*** RECORDED DATA ***

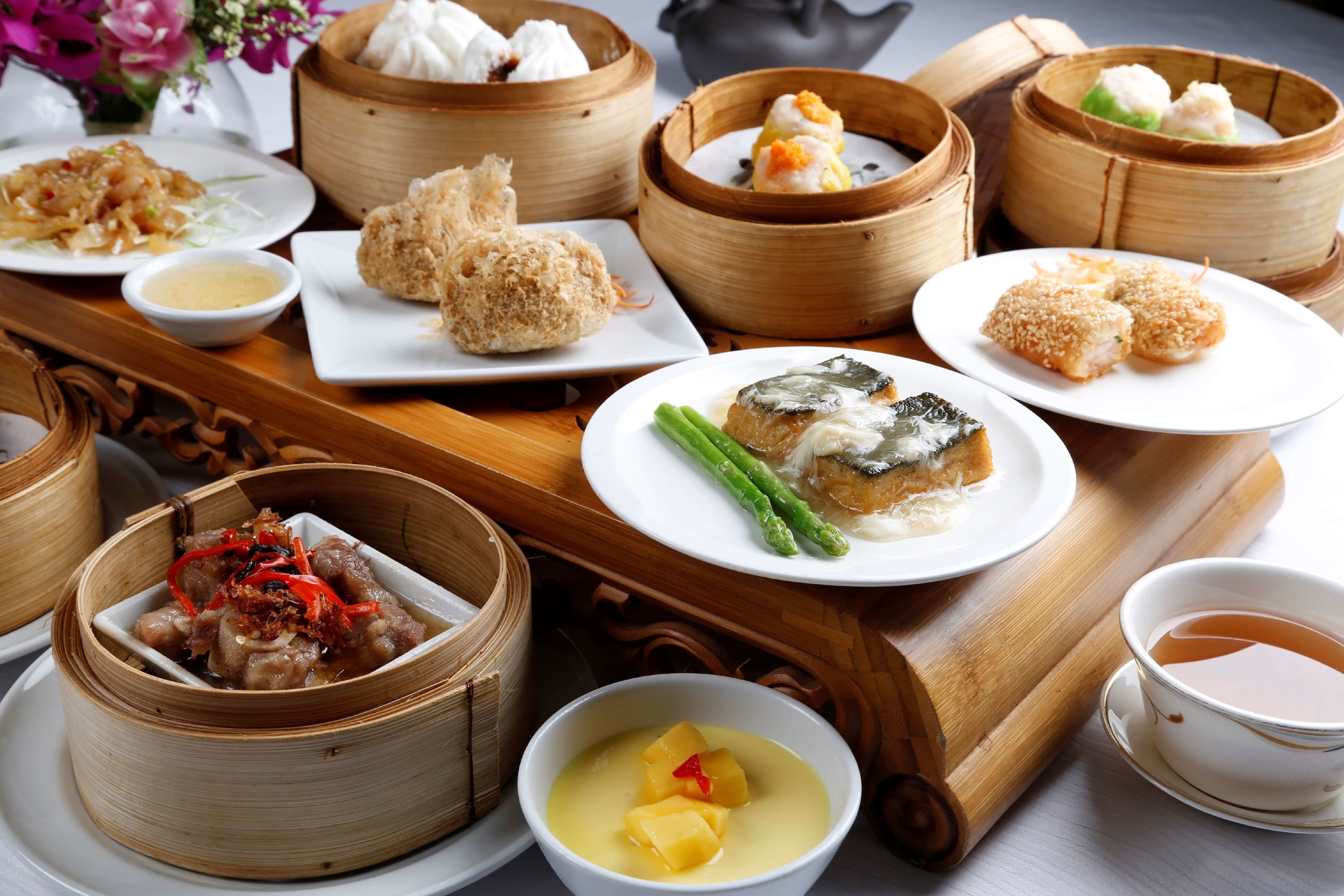 Variedad de platos asiáticos, como dim sum y un tazón de sopa con fruta.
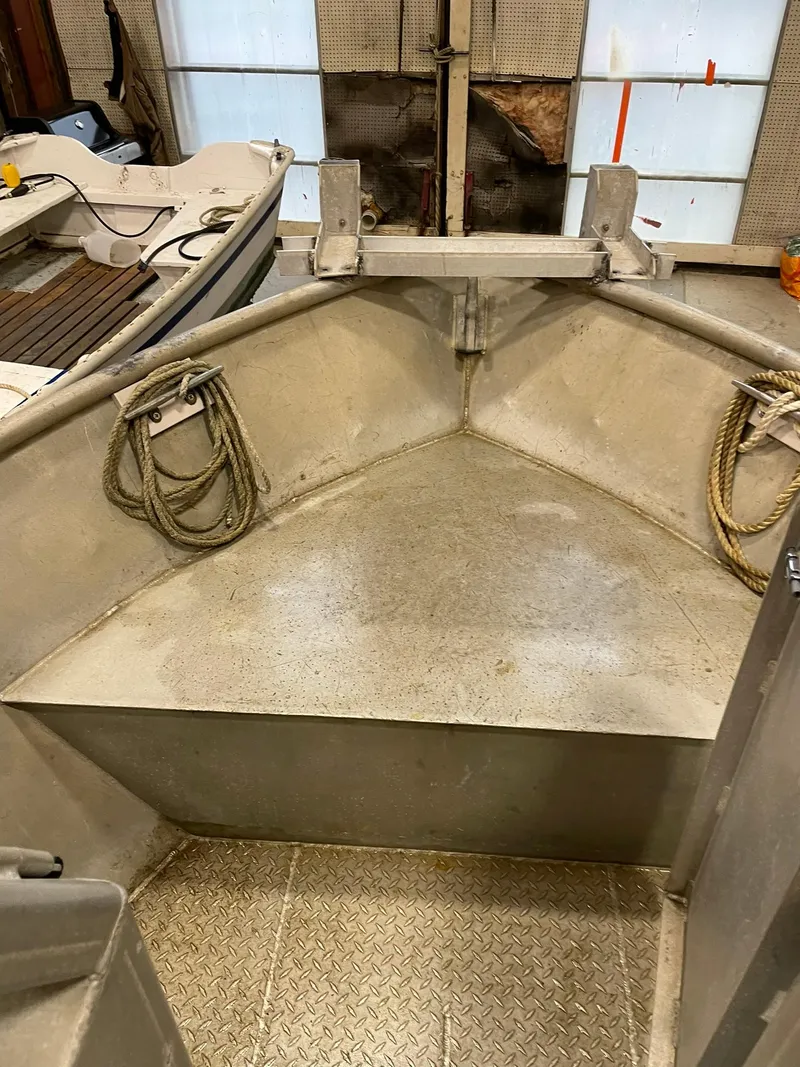 Slide: The Image of Interior of a 2003 custom work boat with ropes and metal flooring. - 24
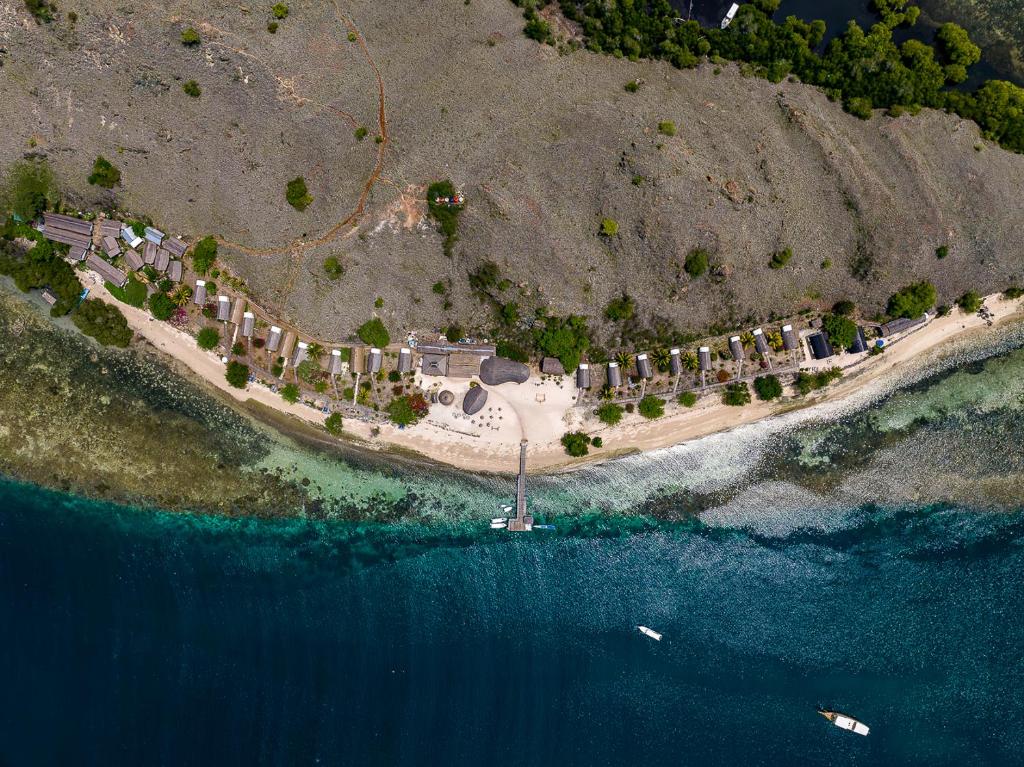 an aerial view of an island in the ocean at Komodo Resort in Sebayur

*** End of RECORDED DATA ***

> **THE PROBLEM**:
Retype the data above as given, letting no picture into the copy.

> **RESPONSE TO THIS TASK**:
 Variedad de platos asiáticos, como dim sum y un tazón de sopa con fruta.
 Slide: The Image of Interior of a 2003 custom work boat with ropes and metal flooring. - 24
 an aerial view of an island in the ocean at Komodo Resort in Sebayur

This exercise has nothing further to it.